Top 5 behavioral interview questions and how to answer them


Sitting in front of your interviewer while giving all the “right” answers is not an easy task. Should you tell the truth or make up a nice story about how you pulled your team through a difficult journey? Well, the answer is ….. it’s complicated. You will have to adeptly find a way to show who you really are as a person by not coming off as uninspiring. It is a skill that anyone can develop over repetition and time. Here are a few very honest tips on how to navigate through common behavioral questions during software engineering interviews.

1. Walk me through your resume

This is one of the most common questions that people come across. Although the question seems pretty straightforward, you need to ensure that you do not fall into the trap of reading through your resume. Anybody can simply read your resume if that’s what they really wanted, so give a very short introduction about yourself and take your resume as a skeletal guide. For example, if your resume says you worked on a java backend project, tell the interviewer something interesting that you learned while working on it and how you contributed to the team. Avoid going over your entire work history for this question. Once you go over these two points for each of your work experiences, ask the interviewer if they want you to explain anything further. This will leave time for any questions that your interviewer might have.

2. Resolving a conflict

Resolving conflict questions test how you behave when you are put in an uncomfortable situation. These questions may come in the form of “Tell me about a time when you had a conflict at work” or “Tell me about a time when you had to respond to an unhappy colleague”. You might encounter different questions but they are all the same. Have a structure about how you are going to answer these:

  • Describe the situation that arose along with enough context
  • Explain what you did to resolve the difference in a professional manner
  • Review how your actions shaped the outcome of the entire situation

Try to think of a situation where you were most effective and always try to paint a picture so that the interviewer is more compelled to listen to your story.
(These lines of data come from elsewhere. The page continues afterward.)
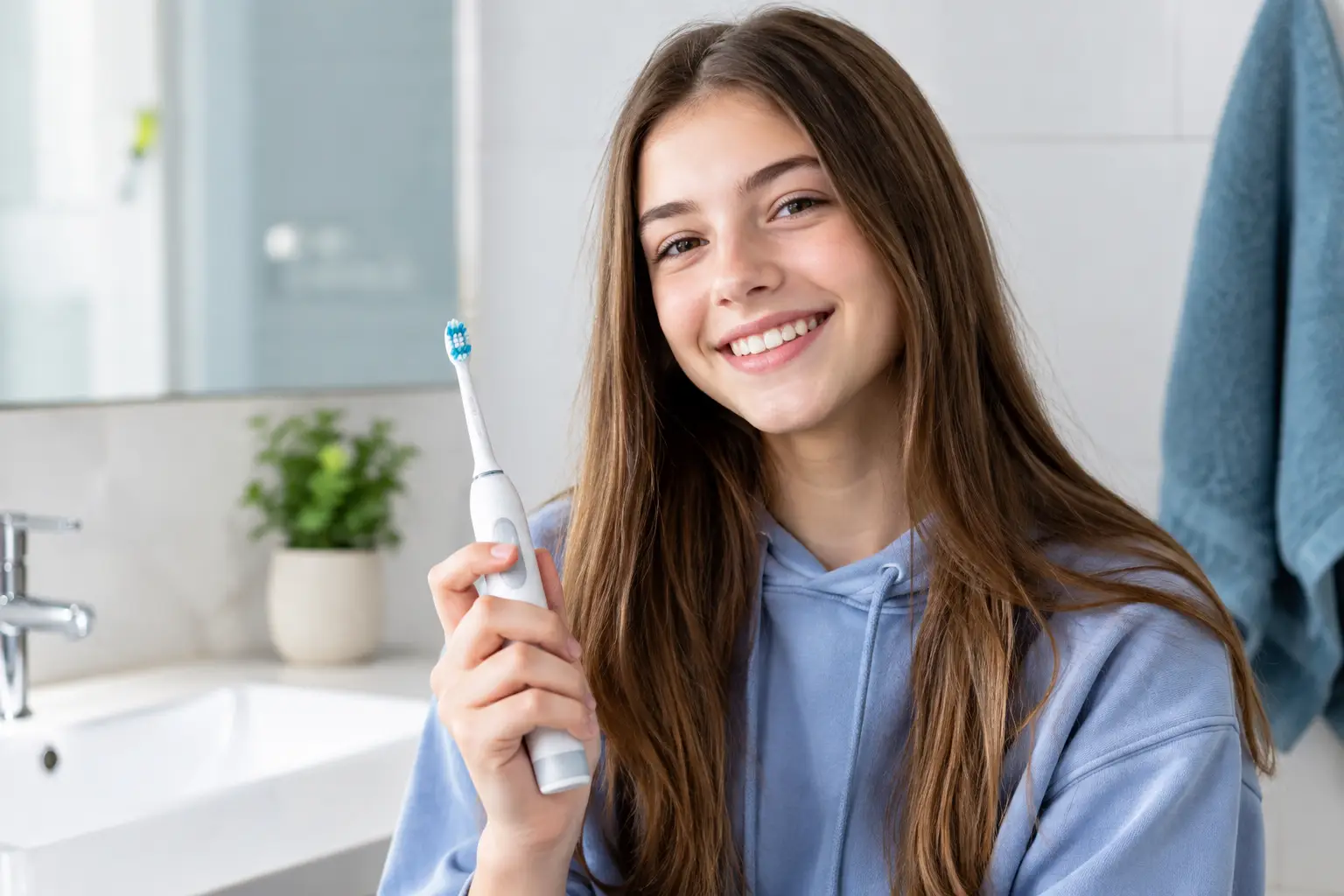 Electric Toothbrush for Teenagers That Fits
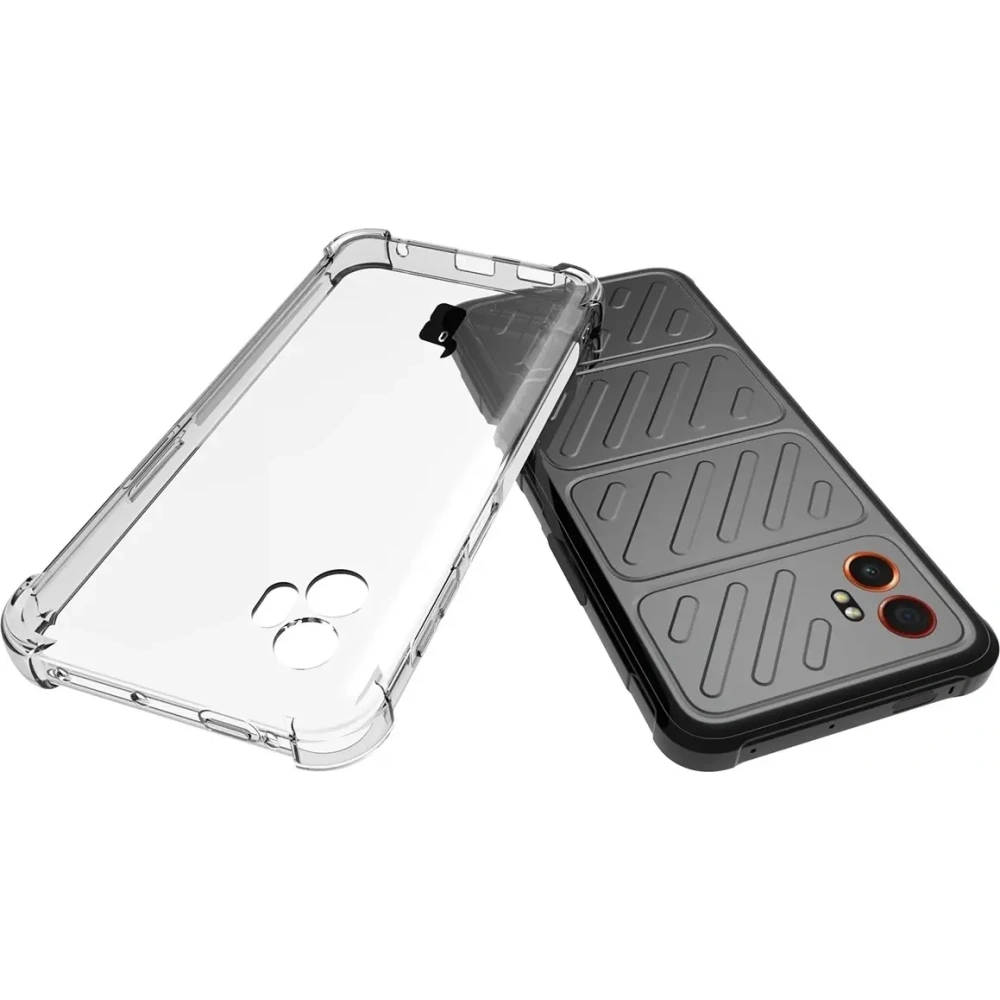 Elastyczne etui Bizon Case Salpa do Samsung Galaxy XCover 7 Pro przezroczyste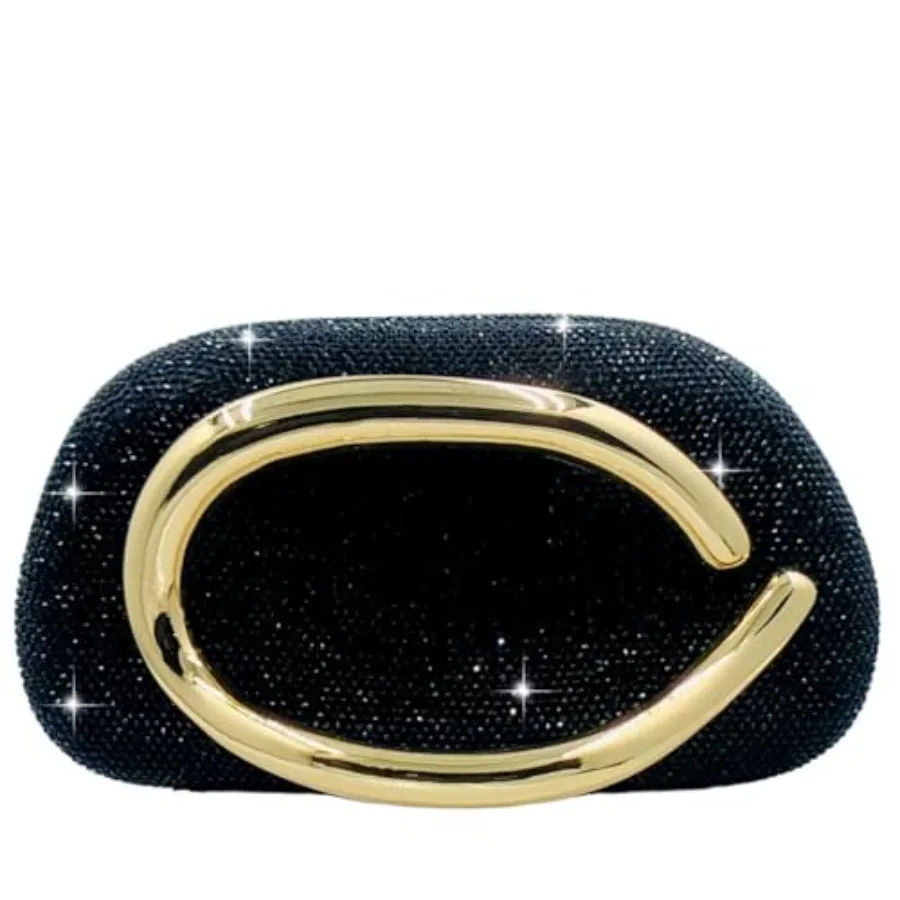 Mini Rhinestone Clutch Purse for Women FormalEvening Bags Sparkly Crystal Clutch Purses Wedding Handbags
3. Your strength and weakness

In most cases, there will be a question that asks what your strengths and weaknesses are so be prepared for this one. The strength section is pretty much self-explanatory. You could talk about your technical strength or your communication skills or whatever you believe is your forte. However, read your situation and tailor your strength accordingly. If a company values communication more, talk about your technical strength but also say that you value your communication skills even further. Remember, a slight brag is okay, sometimes even required, but do not start going on and on about your strength. Avoid coming off as a braggart.

Weaknesses are trickier however since you don’t want to come off as dumb but also don’t want to say something as clichéd as “My biggest weakness is that I am a perfectionist…” That is ensuring that you never get into the office building again. Talk about an honest weakness about yourself, so try not to fake it because people can tell. A good point of reference is to talk about a weakness that does not have a direct or profound impact on your job. Say, if you are interviewing for a frontend job, you might say that your weakness is databases (if that actually is true). Continue by saying that you are aware of your weaknesses and are trying your best to learn more about it and improve. This will show that you are someone who is constantly challenging yourself, which can be impressive.
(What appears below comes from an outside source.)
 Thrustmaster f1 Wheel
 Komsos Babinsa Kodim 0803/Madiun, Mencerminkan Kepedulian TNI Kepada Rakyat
4. What technology fascinates you the most

This question is pretty straightforward in the sense that you can talk about almost anything. There is no right answer. However, it would be better if you could geek out about something related to your job as it would show that you truly are passionate about your work. But then again, even if you are talking about something completely different than your job, it can still mean that you are someone who loves technology in general so as I mentioned earlier, there is no “right answer”. Just be prepared to talk about something technology-related that is probably new and something that you are very interested in that is not on your resume.

5. How do you handle failure

Questions like Talk about a time you handled failure or Talk about a situation where you got a lot of negative feedback is actually a great time for you to be honest and tell your story. Don’t try to be cute and tell how you felt sad but got motivated when you got a C in your high school group project. Pick an actual failure and analyze it well. Your failure does not have to be some big, disastrous moment but something that impacted you deeply. Share your story and tell how you handled it. You may have handled it poorly but you can reflect on it and say what you would have done differently now or you may have handled it well and share that. These questions are all about handling your failure gracefully and showing that you have come out of the situation by learning something important.

These questions are not an exhaustive list but will provide you with a good foundation to prepare and get started with your interview process and get your technology career started!


Disclaimer: Opinions expressed in this post are solely my own and do not express the views or opinions of my employer.